* Exercise materials:
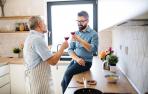 Un padre y un hijo celebran el Día del Padre con un brindis.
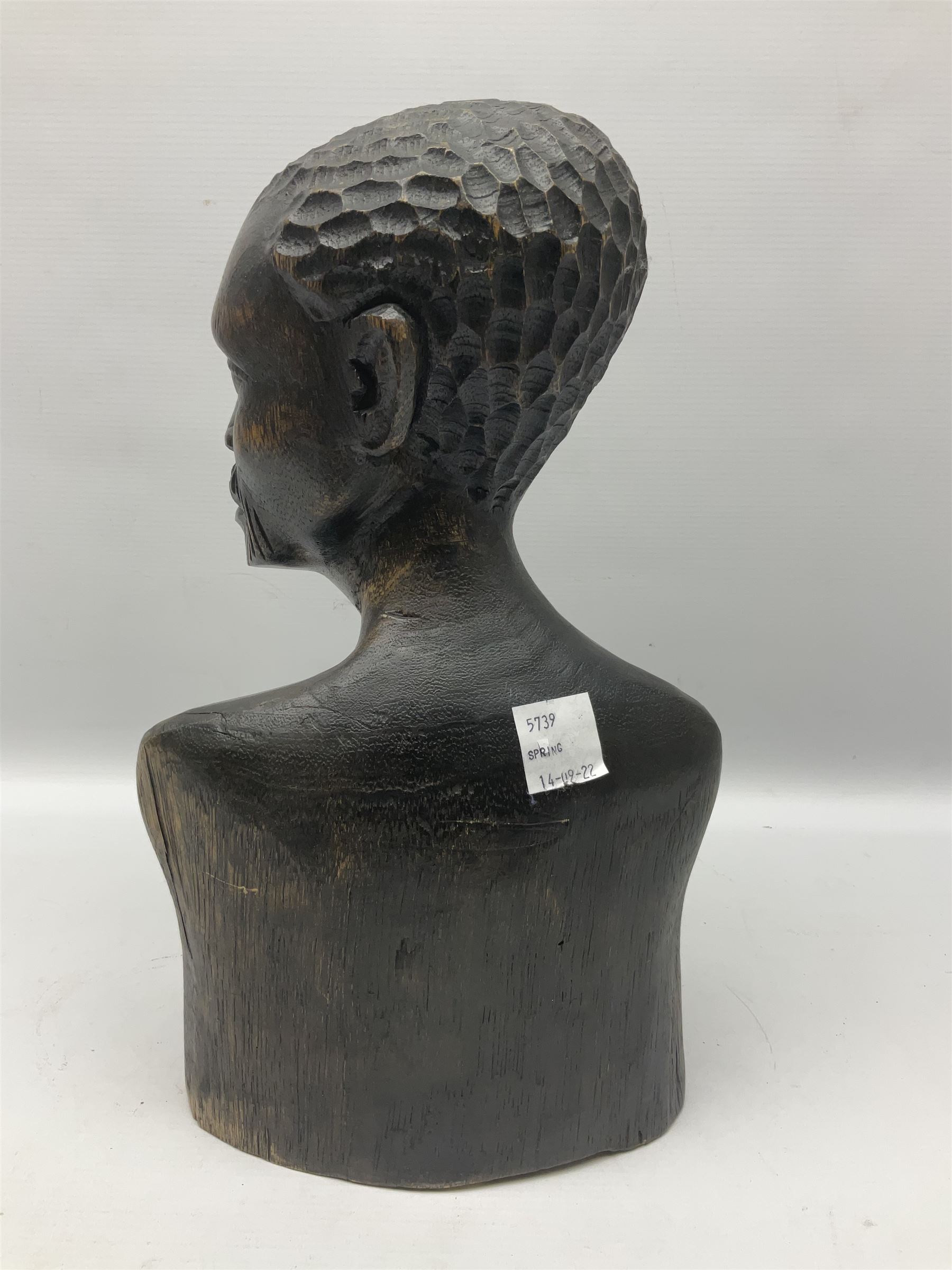 20th century African carved wood bust - Image 2 of 5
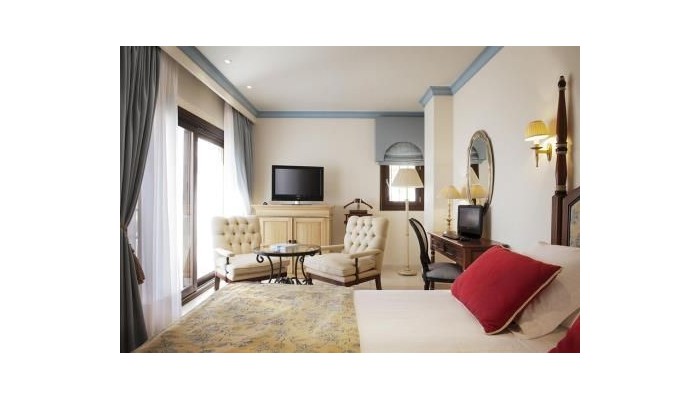 Puente Romano Beach Resort & Spa poza 3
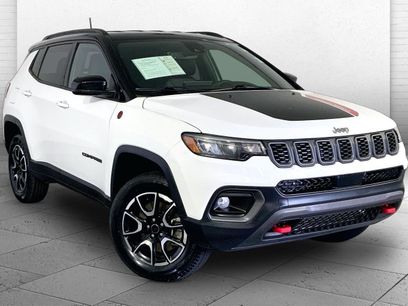 Used 2025 Jeep Compass Trailhawk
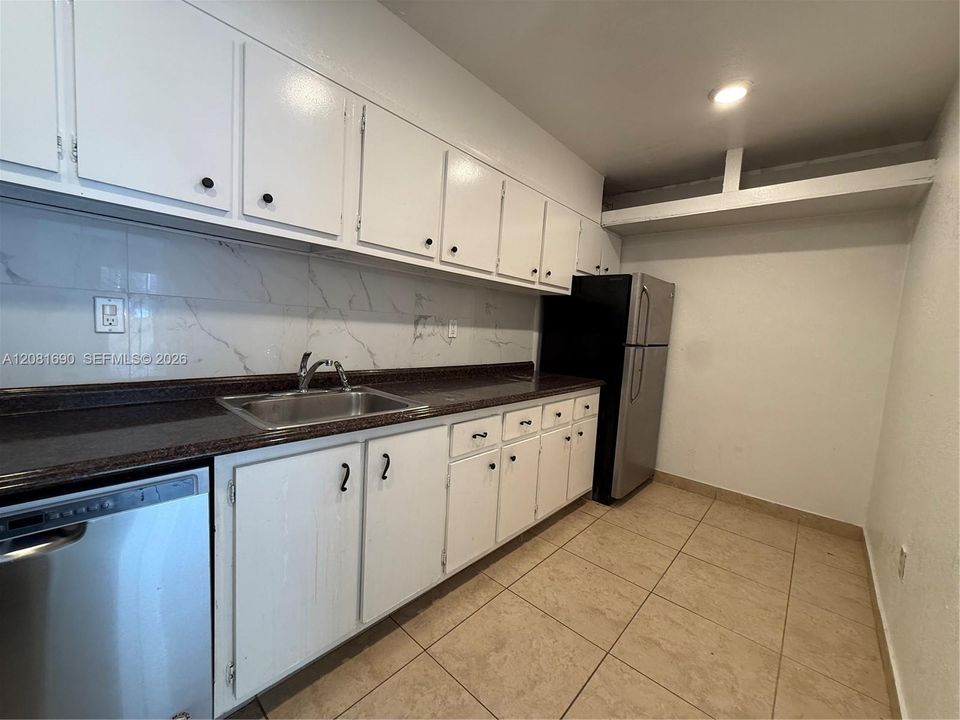 For Rent: $2,100 (1 beds, 1 baths, 854 Square Feet)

* What the exercise asks: Exact copies of all the entries, without any pictures, are what the answer must contain.

* Output:
 Un padre y un hijo celebran el Día del Padre con un brindis.
 20th century African carved wood bust - Image 2 of 5
 Puente Romano Beach Resort & Spa poza 3
 Used 2025 Jeep Compass Trailhawk
 For Rent: $2,100 (1 beds, 1 baths, 854 Square Feet)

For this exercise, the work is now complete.